PDL contributes to bone healing

The biological environment of immediate placement

In this, the first of a three-part series, Dr. Helms discusses our best current understanding of the biological environment into which implants are placed.

Part one of a three-part series: “Understanding the Biology and Mechanics of Immediate Placement”Working with Liao Wang, Xibo Pei, and Yan Wu at the Stanford University Department of Surgery, Professor Jill A. Helms has been studying what happens around immediately loaded implants. In this, the first of a three-part series, Dr. Helms discusses our best current understanding of the biological environment into which implants are placed.

As times change, regimens change as well. Immediate loading was once considered a biologically untenable treatment. Today we know, however, that it can indeed succeed.

We’ll discuss the immediate implant itself in the next issue of Nobel Biocare News. For now, let’s start with the site in which an immediate implant is placed: an extraction socket.

Trained originally as a periodontist, I rather enjoyed looking at the data related to this subject when we first generated it. The bone-tooth interface is a good place to begin because this will become the bone-implant interface.

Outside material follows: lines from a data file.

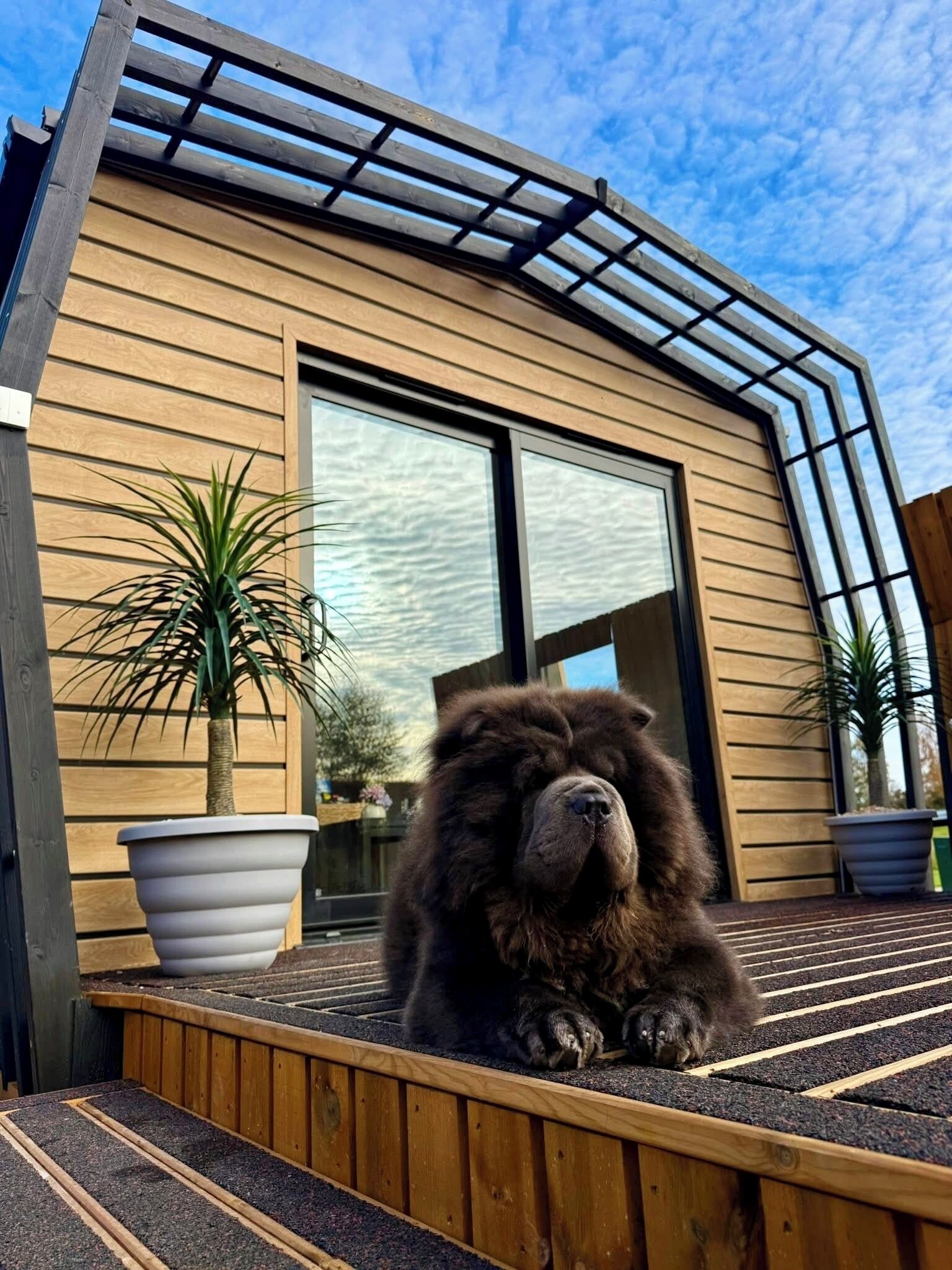 Cabin (The Balblair Luxury Pod with Hot Tub)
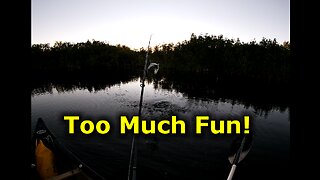 Everglades Fly Fishing Ep 5 | Secret Pond Snook n Tarpon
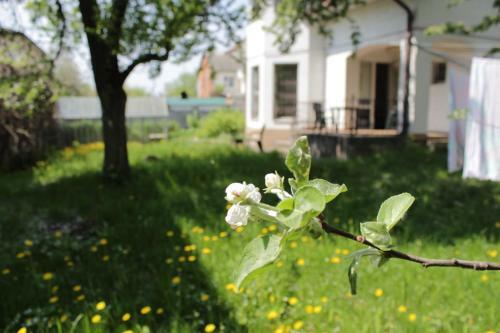 Hostal Jasmin Guest House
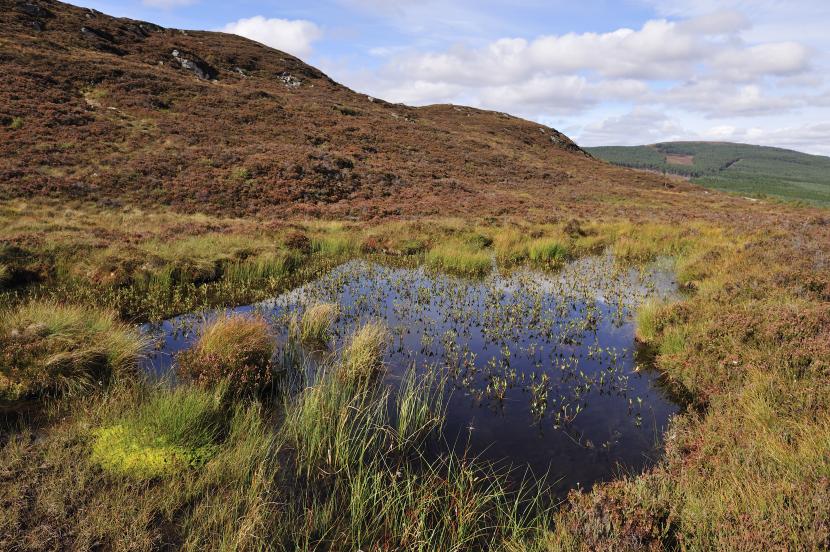 Bog pool in the foreground, surrounded by grasses and heather, with hills in the background.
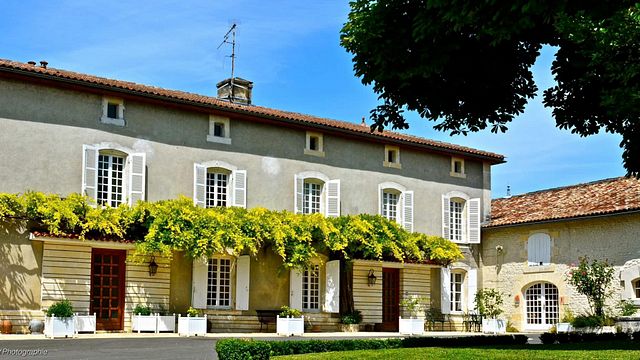 Cognac Bertrand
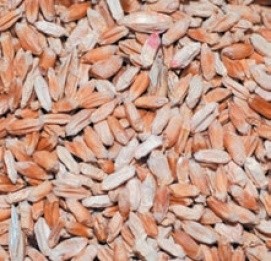 Зерно, заражене фузаріозом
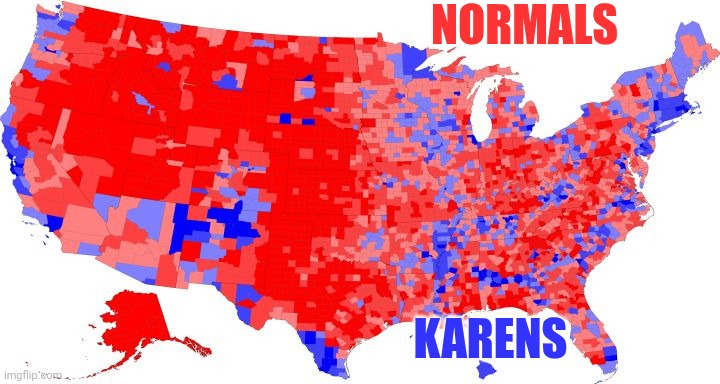 How it happened | NORMALS; KARENS | image tagged in us electoral map - counties,this is where the fun begins,mocking the afflicted,crying liberal,x x everywhere | made w/ Imgflip meme maker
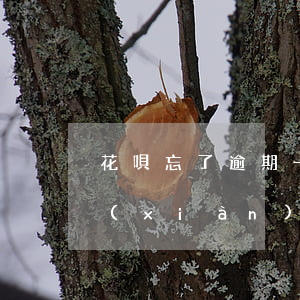 花唄忘了逾期一天有事嗎(花唄逾期了幾天,現(xiàn)在還了,不能用了)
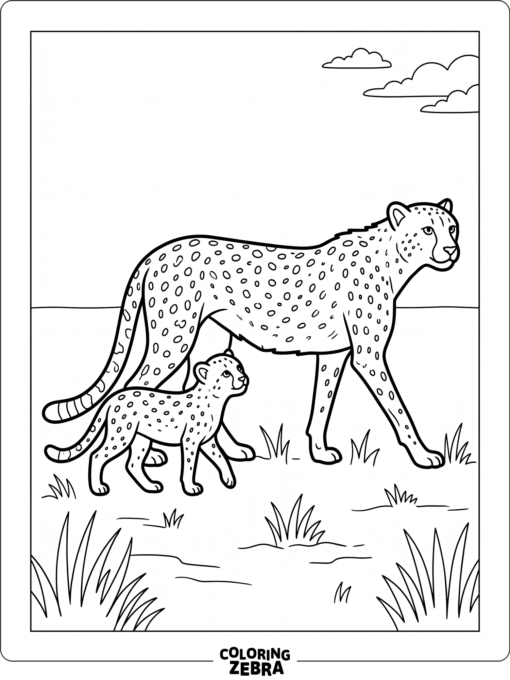 A cheetah mother and cub walking together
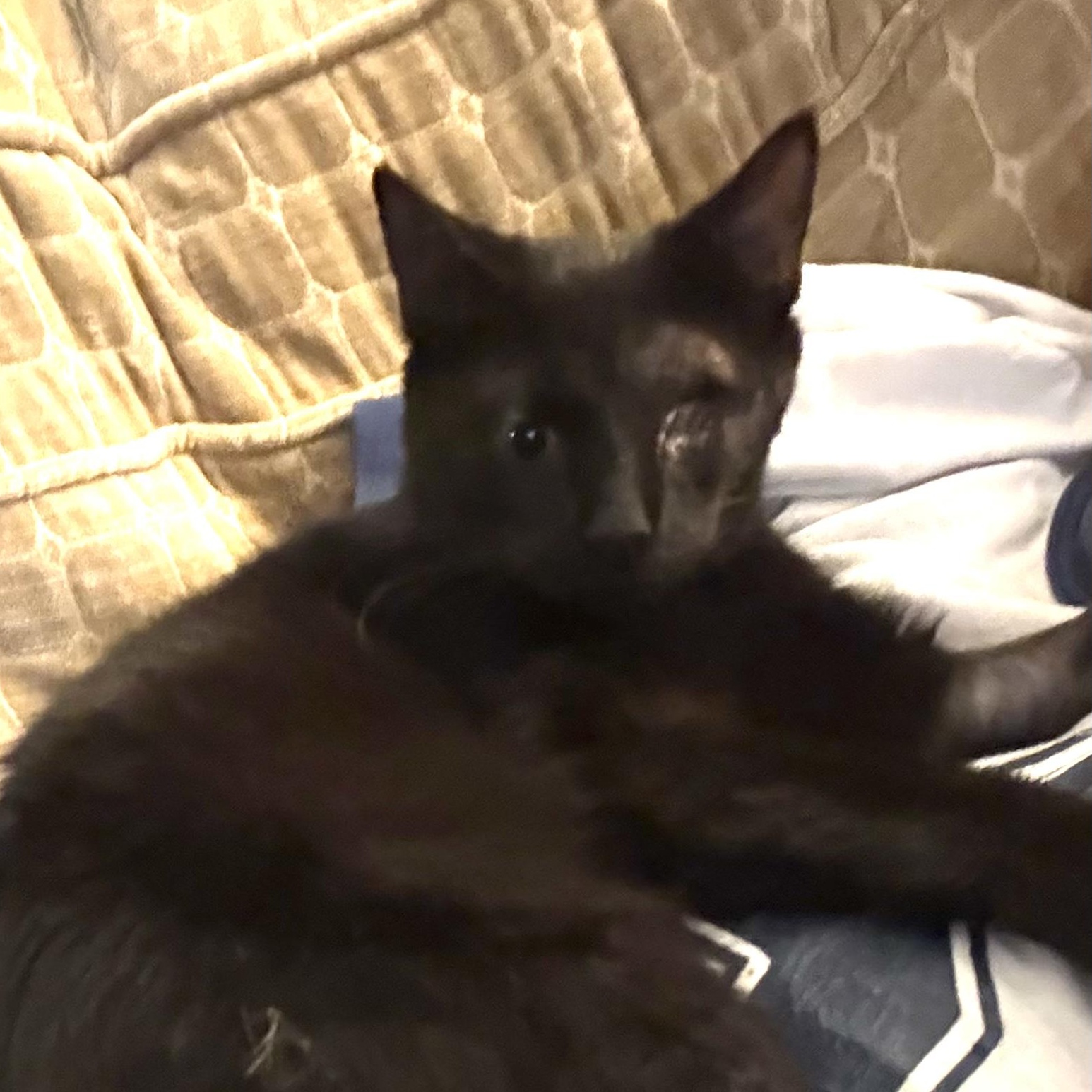 Ringo (Special Needs - Blind, Recovering from Injuries), Adoptable, Young Male Domestic Short Hair.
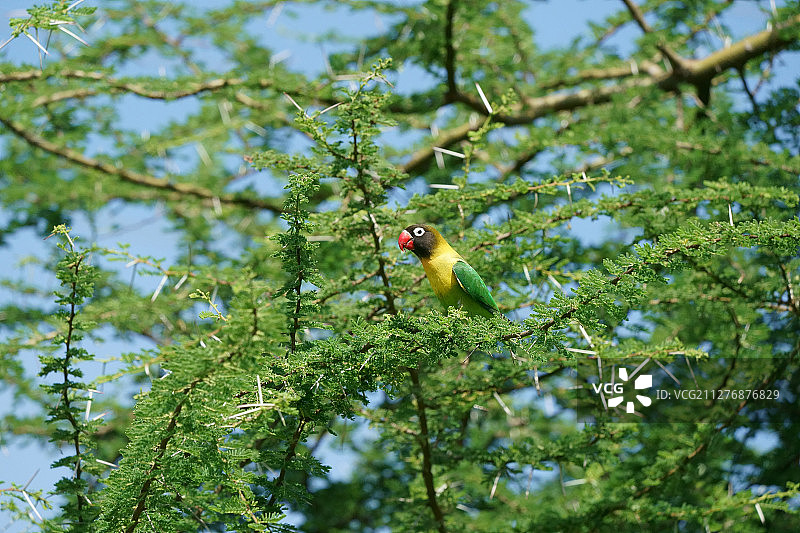丽莲情侣鹦鹉图片素材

Taking a close look at this interface, the first thing one notices is the periodontal ligament (PDL), which is a fibrous tissue, easily verified at high magnification.

In this article, I’m only going to be writing about healthy conditions. I recognize that’s not what one usually faces in the clinic, but that’s what we can study right now in a laboratory, and such a model provides a great deal of insight into the processes that collectively lead to osseointegration.

Used as a marker, the periostin indicates the amount of PDL remaining in the extraction socket immediately after the removal of the tooth.

Used as a marker, the periostin indicates the amount of PDL remaining in the extraction socket immediately after the removal of the tooth.

Because the PDL is a fibrous tissue, it is capable of distorting in response to force. If one subjects a tooth to a lateral force, orthodontic or otherwise, this fibrous tissue elongates on one side of the tooth and compresses on the other. It holds up very well when elongated because it’s fibrous.

The PDL is also capable of compressing—sometimes to the point where it actually “ankylosizes”—but I’ll return to that in a moment.

First, the group studied what happens to the PDL immediately after a tooth is extracted. Using an antibody to a protein called Periostin, which identifies PDL cells, we followed the fate of the PDL in an extraction socket.

The image to the left shows a very low magnification view of an extraction site—this is just one root—yet the amount of PDL that’s left behind is impressive, to say the least. Something like two-thirds of the socket is surrounded by PDL.

Now I know that a lot of clinicians go in and curette out this tissue— which makes sense if the tissue is diseased—but let me explain what happens to the PDL if the tissue is healthy.

In a case where we haven’t inserted an implant yet, the histology demonstrates that the fibrous PDL tissue that has been left behind curls up. Because the cells still express periostin, however, we know that we are still observing PDL. Sequential imaging over three days post-extraction shows a gradual change in the architecture of the PDL. The cells still express periostin, but in the following days, the PDL turns into bone. It mineralizes.

Our research shows that this is the fate of the PDL in many pathologic conditions—for example when you have ankylosis.

Ankylosis occurs because the PDL is no longer under tension, and it ossifies. For an immediately loaded implant, this is very good news, because the PDL contributes significantly to the amount of bone that forms in the extraction socket.

The series of images are (left to right) from one day, three days, seven days and fourteen days after extraction. One can see how the socket fills in and the PDL is contributing directly to bone healing.

When we ask whether the healing rate of an extraction socket is faster than the rate of bone formation in an osteotomy, the answer is a resounding: “Yes!”

The PDL contributes to bone healing. The extraction socket filling in: one, three, seven and fourteen days after extraction.

The PDL contributes to bone healing. The extraction socket filling in: one, three, seven and fourteen days after extraction.

When we compare an extraction socket with an osteotomy, and quantify the amount of bone that forms in each, we repeatedly measure significantly more in the extraction socket than in the osteotomy.

What this tells us, unambiguously, is that extraction sockets heal faster than osteotomies. That means that if you are going to immediately place an implant in an extraction socket, you have an environment very conducive to robust bone formation.

One very important caveat: If the PDL is diseased, the cause of the infection obviously ought to be removed before proceeding with implant placement. Our ongoing research is now focused on understanding how periapical and periodontal disease impacts the immediate placement of implants.